下面来看内核自己挂载硬盘(以/dev/sda1为例)为根目录的情况【可以删除initramfs.cpio.gz里的init,或不指定initramfs.cpio.gz来触发】

prepare_namespace调用mount_root将/dev/sda1挂载到/root目录下 devtmpfs_mount将devtmpfs挂载到/dev目录下 init_mount将当前进程的根目录更改为挂载的根文件系统,在这个调用中,. 表示当前进程的根目录,/ 表示要更改为的根目录,MS_MOVE 是挂载标志,表示将当前进程的根目录移动到新的根目录。 init_chroot将当前进程的工作目录更改为挂载的根文件系统。这个函数调用实际上是将当前进程的工作目录更改为其根目录,这样内核就可以访问挂载的根文件系统中的文件。

// init/do_mounts.c
/*
 * Prepare the namespace - decide what/where to mount, load ramdisks, etc.
 */
void __init prepare_namespace(void)
{
        if (root_delay) {
                printk(KERN_INFO "Waiting %d sec before mounting root device...\n",
                       root_delay);
                ssleep(root_delay);
        }

        /*
         * wait for the known devices to complete their probing
         *
         * Note: this is a potential source of long boot delays.
         * For example, it is not atypical to wait 5 seconds here
         * for the touchpad of a laptop to initialize.
         */
        wait_for_device_probe();

        md_run_setup();

        if (saved_root_name[0])
                ROOT_DEV = parse_root_device(saved_root_name);

        if (initrd_load(saved_root_name))
                goto out;

        if (root_wait)
                wait_for_root(saved_root_name);
        mount_root(saved_root_name);
out:
        devtmpfs_mount();
        init_mount(".", "/", NULL, MS_MOVE, NULL);
        init_chroot(".");
}

init_mount(".", "/", NULL, MS_MOVE, NULL);将进程的当前目录挂载为’/‘根目录后。根目录就是硬盘的目录了。 但在init_mount之后调用print_rootfs_files会发现还是rootfs的目录 /dev/dev/root/dev/console/root 在init_chroot之后调用print_rootfs_files才是硬盘目录

void __init mount_root(char *root_device_name)
{
        switch (ROOT_DEV) {
        case Root_NFS:
                mount_nfs_root();
                break;
        case Root_CIFS:
                mount_cifs_root();
                break;
        case Root_Generic:
                mount_root_generic(root_device_name, root_device_name,
                                   root_mountflags);
                break;
        case 0:
                if (root_device_name && root_fs_names &&
                    mount_nodev_root(root_device_name) == 0)
                        break;
                fallthrough;
        default:
                mount_block_root(root_device_name);
                break;
        }
}

在mount_block_root里,在rootfs的/dev里创建一个root设备节点

// init/do_mounts.c
static void __init mount_block_root(char *root_device_name)
{
        int err = create_dev("/dev/root", ROOT_DEV);

        if (err < 0)
                pr_emerg("Failed to create /dev/root: %d\n", err);
        mount_root_generic("/dev/root", root_device_name, root_mountflags);
}

然后使用mount_root_generic将/dev/root挂载到rootfs上

由于此处只有设备节点,但是没有文件系统信息,所以mount_root_generic会遍历内核所有的文件系统名,依次来尝试用do_mount_root挂载/dev/root到rootfs的/root目录。
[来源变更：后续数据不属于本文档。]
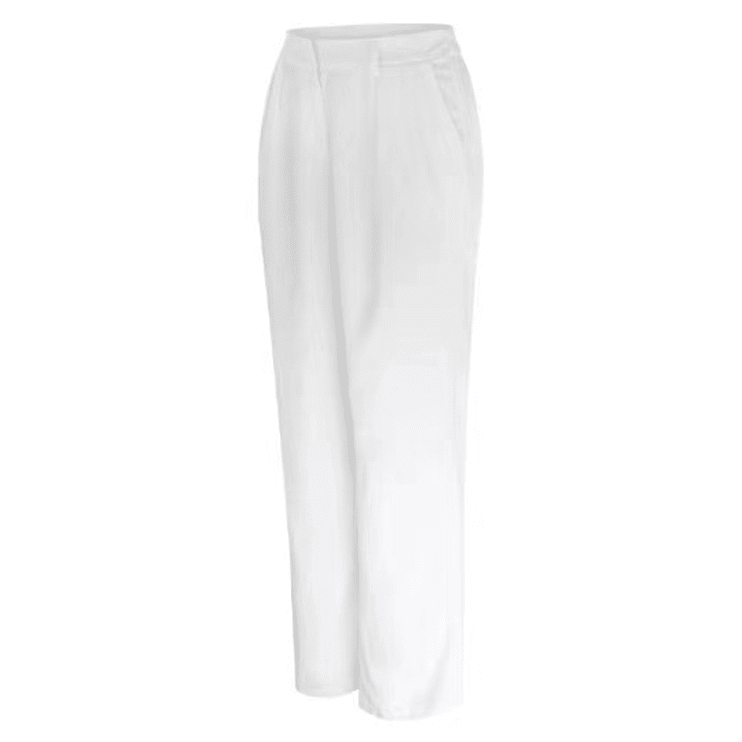 Fließende High-Waist Hose mit weitem Bein & Gürtel – Elegante, vielseitige Stoffhose 👖✨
void __init mount_root_generic(char *name, char *pretty_name, int flags)
{
        struct page *page = alloc_page(GFP_KERNEL);
        char *fs_names = page_address(page);
        char *p;
        char b[BDEVNAME_SIZE];
        int num_fs, i;

        scnprintf(b, BDEVNAME_SIZE, "unknown-block(%u,%u)",
                  MAJOR(ROOT_DEV), MINOR(ROOT_DEV));
        if (root_fs_names)
                num_fs = split_fs_names(fs_names, PAGE_SIZE);
        else
                num_fs = list_bdev_fs_names(fs_names, PAGE_SIZE);
retry:
        for (i = 0, p = fs_names; i < num_fs; i++, p += strlen(p)+1) {
                int err;

                if (!*p)
                        continue;

                err = do_mount_root(name, p, flags, root_mount_data);
                switch (err) {
                        case 0:
                                goto out;
                        case -EACCES:
                        case -EINVAL:
                                continue;
                }
                /*
                 * Allow the user to distinguish between failed sys_open
                 * and bad superblock on root device.
                 * and give them a list of the available devices
                 */
                printk("VFS: Cannot open root device \"%s\" or %s: error %d\n",
                                pretty_name, b, err);
                printk("Please append a correct \"root=\" boot option; here are the available partitions:\n");
                printk_all_partitions();

                if (root_fs_names)
                        num_fs = list_bdev_fs_names(fs_names, PAGE_SIZE);
                if (!num_fs)
                        pr_err("Can't find any bdev filesystem to be used for mount!\n");
                else {
                        pr_err("List of all bdev filesystems:\n");
                        for (i = 0, p = fs_names; i < num_fs; i++, p += strlen(p)+1)
                                pr_err(" %s", p);
                        pr_err("\n");
                }

                panic("VFS: Unable to mount root fs on %s", b);
        }
        if (!(flags & SB_RDONLY)) {
                flags |= SB_RDONLY;
                goto retry;
        }

        printk("List of all partitions:\n");
        printk_all_partitions();
        printk("No filesystem could mount root, tried: ");
        for (i = 0, p = fs_names; i < num_fs; i++, p += strlen(p)+1)
                printk(" %s", p);
        printk("\n");
        panic("VFS: Unable to mount root fs on %s", b);
out:
        put_page(page);
}

为什么是挂载到/root目录呢,可以在do_mount_root逻辑里看到init_mount(name, "/root", fs, flags, data_page);init_mount("/dev/root", "/root", fs. flags. data_page)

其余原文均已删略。